With the departure of Nebraska for the Big Ten (and Colorado for the Pac-12) effective this season, the suddenly-fraudulently-named Big 12 (it started this season with 10 teams) looks much less appealing. Yes, teams like Oklahoma State have the potential to make things interesting in particular seasons (they were ranked No. 8 in this year’s preseason polls), but they don’t tend to be dominant year-in and year-out, or have massive fanbases that can swell TV ratings. That makes the conference a much less desirable sell to broadcasters, and that explains why the Big 12’s $480 million/8-year deal is so far behind its competitors.

The other element that made the move attractive for A&M was the desire to get out of the shadow of the University of Texas. Under commissioner Dan Beebe, who recently left by “mutual agreement,” the Big 12 had focused on keeping Texas (and to a lesser degree, Oklahoma) happy at the expense of the smaller schools. That included unequal splits of revenue, and, particularly irksome to the Aggies, an agreement that allowed Texas to start their own network through a controversial deal with ESPN. With the Big 12’s future in question and the chance to escape the Longhorns’ shadow and move to a more prominent conference available, it’s perhaps not all that surprising that Texas A&M jumped.
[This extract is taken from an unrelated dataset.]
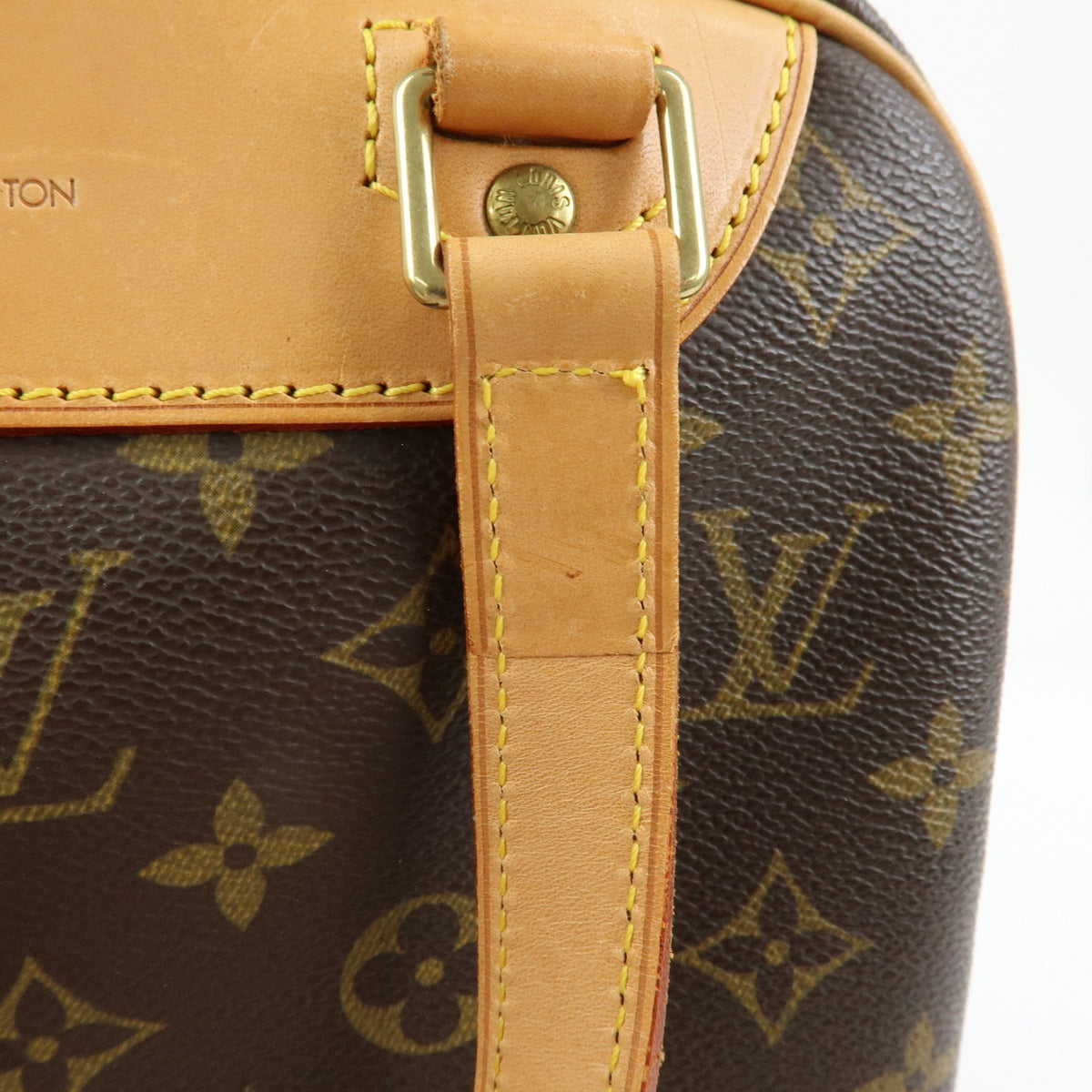 Louis Vuitton Excursion Monogram Canvas Brown Canvas Handbag (Pre-Owned)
There are plenty of apparent benefits for A&M on the financial (better television deal, better revenue split), publicity (only SEC school in Texas, less juxtaposition with the Longhorns) and conference prestige standpoints. However, the deal may yet come back to haunt the Aggies from a competitive perspective. Thanks to college football’s ongoing lack of a playoff, the path to the BCS championship game generally involves going undefeated in a BCS automatic qualifier conference. Both the SEC and the Big 12 currently carry that distinction, and schools from both conferences have made it to the championship game regularly.
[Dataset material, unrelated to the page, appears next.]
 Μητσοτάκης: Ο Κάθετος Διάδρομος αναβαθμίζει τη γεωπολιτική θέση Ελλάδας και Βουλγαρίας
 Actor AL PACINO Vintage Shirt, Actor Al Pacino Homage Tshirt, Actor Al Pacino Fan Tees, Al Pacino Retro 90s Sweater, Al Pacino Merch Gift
The difference is that the path to an undefeated season and a national championship berth looks much easier in the Big 12 than it does in the SEC; powerhouses like Texas and Oklahoma remain, but even those teams have occasional slumps (like the one Texas is mired in currently). If one of them’s down at the moment and you catch a few breaks against the other one, your chances of running up an undefeated record against the Iowa States and Kansas States of the world aren’t that bad.

Meanwhile, in the SEC, even if LSU and Alabama take steps back, you still have to contend with the likes of Arkansas, Florida, Georgia, Auburn, Tennessee, South Carolina and more. It’s much easier to envision a prominent-but-not-dominant school like A&M going on a championship run in a top-heavy conference like the Big 12 than in a deep, loaded one like the SEC.

That’s not to say that this won’t work out for A&M when the they tip off the 2012 campaign in the SEC. Financial stability is always a good thing, and there are certainly benefits to being in one of the nation’s top conferences instead of an also-ran. Moreover, success wouldn’t have been guaranteed if they stayed in the Big 12; it might collapse with their departure, or lose its cushy path to the title game under a reworking of the BCS formula or a playoff system. That’s also not to say the Aggies will never win a national championship in their new conference: no one knows what the college football landscape will look like in 10 or 15 years, and maybe A&M will find a way to bolster their recruiting efforts and become a true perennial national power.

The point for the moment is just that while heading to the SEC makes sense for the Aggies on a variety of levels, it may make their lives on the field more difficult for the immediate future, at least.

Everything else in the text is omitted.